During the 1930s, Sternberg transformed his sociopolitical convictions into images championing the cause of labor. His representations, rendered with an expressive hand and intense color in both paintings and prints, depicted the difficult and dangerous lives of contemporary coal miners and steel-mill workers. In later decades, Sternberg used his art to further his social conscience, particularly as a voice against fascism and as an advocate for civil rights. His later artistic vision, however, grew increasingly self-reflective, as seen in his investigations of such themes as myth and ritual and the spiritual underpinnings of Orthodox Judaism. Moreover, he explored his own identity by producing many self-portraits and by publishing the suite of prints called Sternberg: A Life in Woodcuts.

Landscape was a subject Sternberg rarely treated. Mountains and Birches of Utah is his reflection on a landscape surrounding Brigham Young University in Provo, Utah, where he was an artist in residence during the summers of 1957 and 1958. The powerful form of the mountain, silhouetted against a burnt-orange sky, is rendered in broad, rectangular brushstrokes. Mountains and Birches of Utah is Sternberg’s spiritual response to the majesty of the Wasatch Mountains.

Discussion questions
(For Grades K-2)

Which
primary colors do you see in this painting?
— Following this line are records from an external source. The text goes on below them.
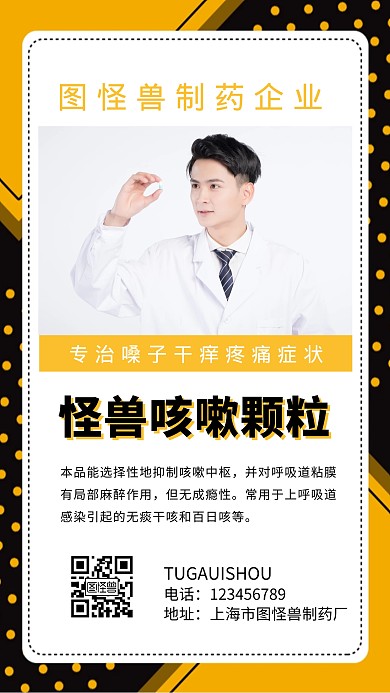 药品宣传橙色简约销售营销手机海报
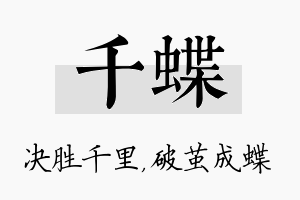 千蝶名字的寓意及含义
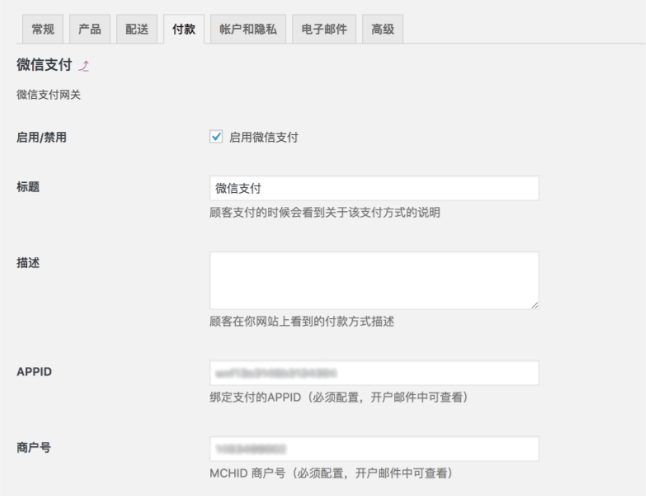 热门WordPress插件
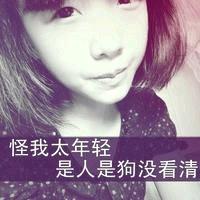 爱过了🌸也伤过了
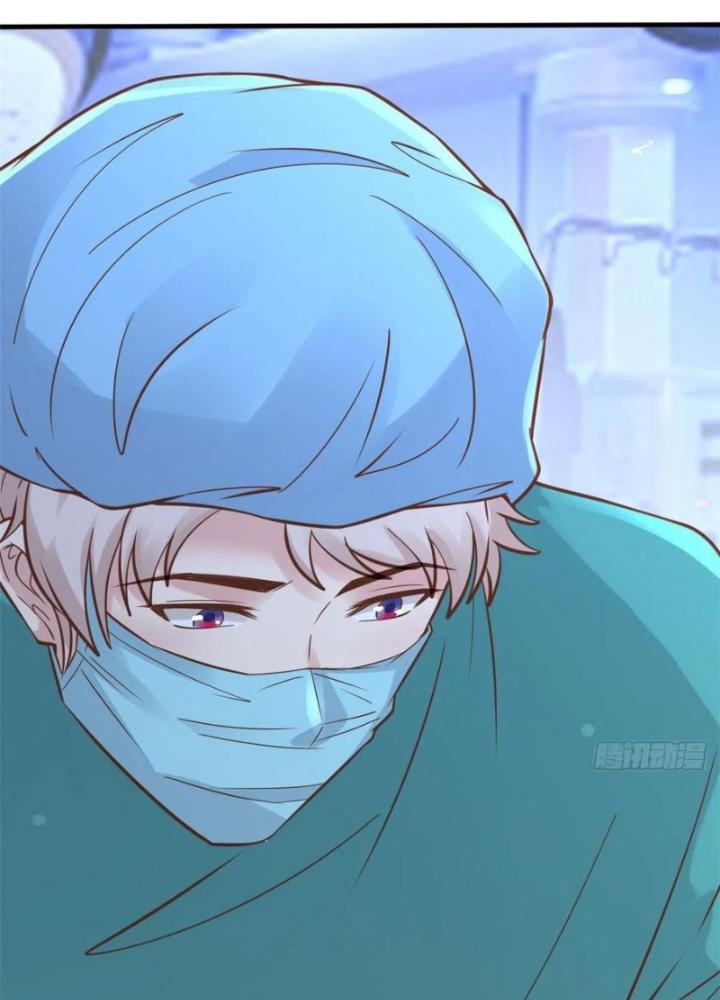 Khi Bác Sĩ Mở Hack Chapter 26 - Trang 3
Secondary colors? Are these the real colors what you would see in nature?

Which
warm colors do you see in this painting? Cool colors? How do these colors make you feel when you look at this painting?

Which
textures do you see in this painting?

Which
patterns do you see in this painting?

What is the subject of this painting?

(For Grades 3-5)

Which
primary colors do you see in this painting? Secondary colors? Are these the real colors what you would see in nature?

Which
warm colors do you see in this painting? Cool colors? How do these colors make you feel when you look at this painting?

How does the artist use
perspective in this painting? Repetition?

How does the artist represent
texture in this painting?

Where do you see the dark areas in the painting? Light areas? Where is the light source? How does the artist show this in the painting?

Does this artwork look real to you? Why or why not?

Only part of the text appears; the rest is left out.